SECTION 16 Right of Set-Off. If an Event of Default shall have occurred and be continuing, the Lender is hereby authorized at any time and from time to time, to the fullest extent permitted by applicable law, to set off and apply any and all deposits (general or special, time or demand, provisional or final, in whatever currency) at any time held and other obligations (in whatever currency) at any time owing by the Lender to or for the credit or the account of any Guarantor against any and all of the obligations of such Guarantor now or hereafter existing under this Guaranty or any other Guarantor Document to the Lender, irrespective of whether or not the Lender shall have made any demand under this Guaranty or any other Loan Document and although such obligations of such Guarantor may be contingent or unmatured or are owed to a branch or office of the Lender different from the branch or office holding such deposit or obligated on such indebtedness. The rights of the Lender under this Section are in addition to other rights and remedies (including other rights of setoff) that the Lender may have. The Lender (by its acceptance hereof) agrees to notify the affected Guarantor promptly after any such setoff and application, provided that the failure to give such notice shall not affect the validity of such setoff and application.
SECTION 17 Benefits of Guaranty. This Guaranty is entered into for the sole protection and benefit of the Lender and its successors and assigns, and no other Person (other than any Participant or Indemnitee specified herein) shall be a direct or indirect beneficiary of, or shall have any direct or indirect cause of action or claim in connection with, this Guaranty. The Lender, by its acceptance of this Guaranty, shall not have any obligations under this Guaranty to any Person other than (a) the Guarantors, and (b) the Lender or any Indemnitee, and such obligations shall be limited to those expressly stated herein.
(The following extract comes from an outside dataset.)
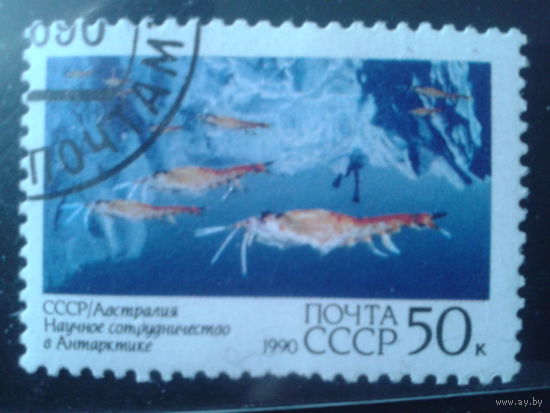 1990 Криль, концевая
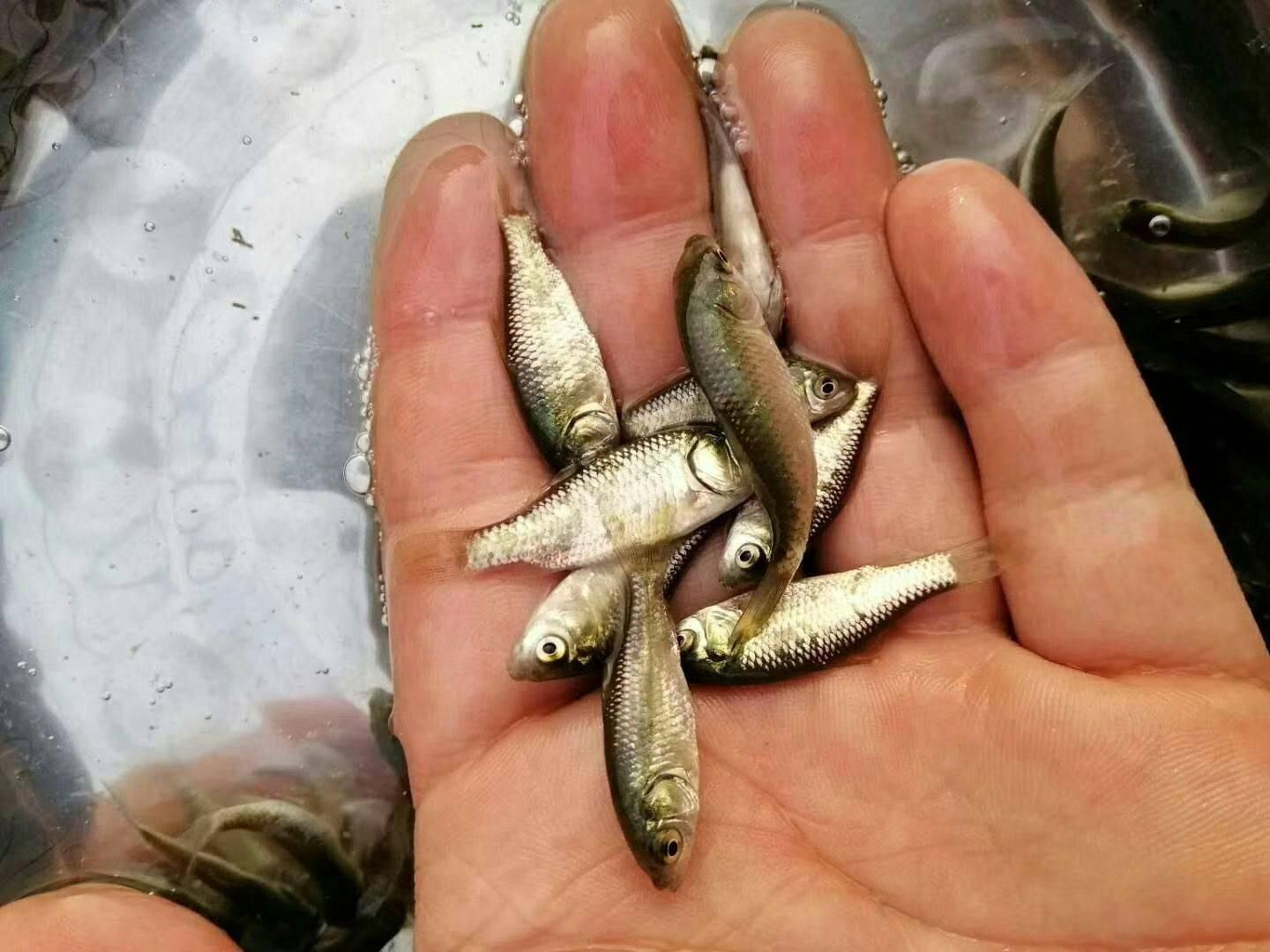 菜籽饼打窝钓什么鱼效果最好(菜籽饼打窝多久才能有鱼呢)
SECTION 18 Binding Effect; Assignment.
(a) Binding Effect. This Guaranty shall be binding upon each Guarantor and their respective permitted successors and assigns, and shall inure to the benefit of and be enforceable by the Lender and its permitted successors, endorsees, transferees and assigns.
(b) Assignment. Except to the extent otherwise provided in the Credit Agreement, no Guarantor shall have the right to assign or transfer its rights and obligations hereunder or under any other Guarantor Documents without the prior written consent of the Lender. The Lender may, without notice to or consent by any Guarantor, sell, assign, transfer or grant participations in all or any portion of the Lender’s rights and obligations hereunder and under the other Guarantor Documents in connection with any sale, assignment, transfer or grant of a participation by the Lender in accordance with Section 9.07 of the Credit Agreement in its rights and obligations thereunder and under the other Loan Documents. In the event of any grant of such a participation, the Participant shall be deemed to have a right of setoff under Section 16 in respect of its participation to the same extent as if it were the “Lender”.
E-14
SECTION 19 Governing Law and Jurisdiction.
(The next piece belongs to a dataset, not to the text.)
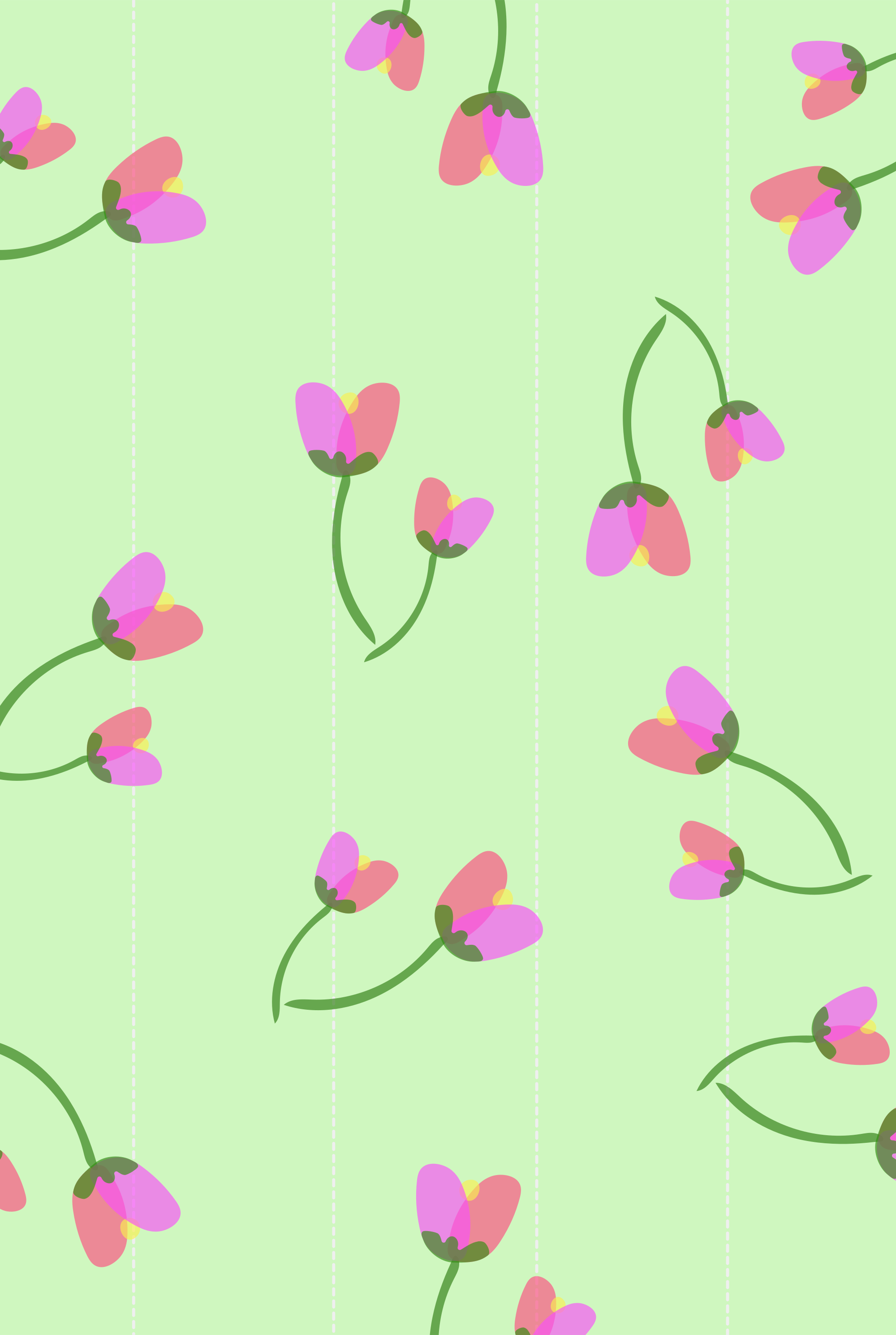 Photo by ummehaniali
(a) This Guaranty shall be governed by, and construed in accordance with, the law of the State of California.
(b) This Section 19 concerns the resolution of any controversies or claims between the parties, whether arising in contract, tort or by statute, including controversies or claims that arise out of or relate to: (i) this Guaranty (including any renewals, extensions or modifications); or (ii) any other Loan Document (collectively a “Claim”). For the purposes of this arbitration provision only, the term “parties” shall include any parent corporation, Subsidiary or other Affiliate of the Lender involved in the servicing, management or administration of any obligation described or evidenced by this Guaranty.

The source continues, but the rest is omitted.